Was boohooing the other day about the faded Hudson's Army-Navy Store sign getting painted over during the renovation at 103 E. Third Ave. at 13th Street.



Well, maybe the sign will live...? The last time I looked, the painting had continued on the front of the building. The old sign had been spared...so far. Can it be?



And now...ta-da!



They were just toying with me! I fell into their trap of believing and hoping for the future...

No heedless intruder?


James S. Russell, Bloomberg’s U.S. architecture critic, uh, critiques the Cooper Square Hotel today. The hotel, which opens Thursday, includes a 1,600 square-foot, three-bedroom, full-floor penthouse ($7,500 a night) that features a private outdoor shower that squirts upward.

Anyway! Some passages from his very positive review. (Meanwhile, see you in the penthouse! I'll be in the outdoor shower wearing a diaper!)

Like a spinnaker frozen in glass, the 21-story Cooper Square Hotel billows above beat-up tenement buildings in Manhattan’s gentrifying East Village.


And!

The slim, all-glass tower, enclosing just 145 rooms, makes plenty of attention-seeking gestures. It swells outward as it rises, then tips back. Facets along the side wiggle in and out, changing from glass to hole-punched metal panels. These surfaces look stretched taut, as if under enormous internal pressure.

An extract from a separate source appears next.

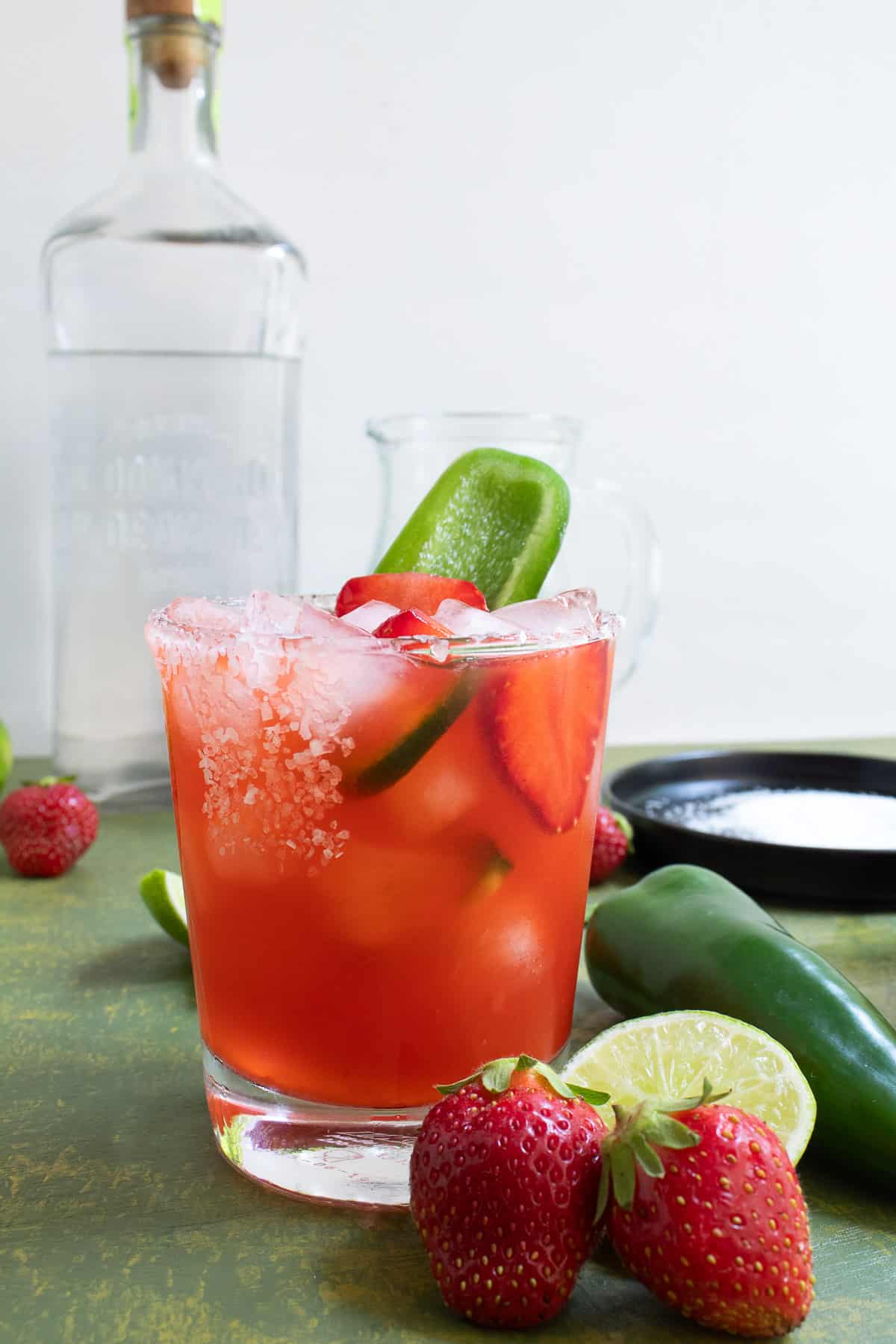 A rocks glass with a salted rim holds a red liquid and is garnished with a sliced strawberry and a slice of jalapeno. In the background sits a tall clear glass bottle containing a clear liquid.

If it sounds like too many ingredients and too many ideas, [architect Carlos] Zapata molds them into a seemingly effortless whole rather than a nervous assemblage of tics.

He has fused the hotel with a battered tenement building next door, which has been saved along with the tenancy of two women who have lived through the neighborhood’s extended tough times to see it flower.


And!

Zapata animated the entrance by erecting a little four-story tower that bookends the tenement and looks ripped from the main tower at the base. Above, he has peeled away the shiny skin to reveal squared-off tubular shapes in tan and green. This lets the tower echo the ragged silhouette of the long-neglected tenement neighborhood. Its contrasting lightness doesn’t weigh down the layers of red brick, terra-cotta rickrack and dangling fire escapes that give the streets such evocative character.

In spite of its size and contemporary styling, the hotel is no heedless intruder.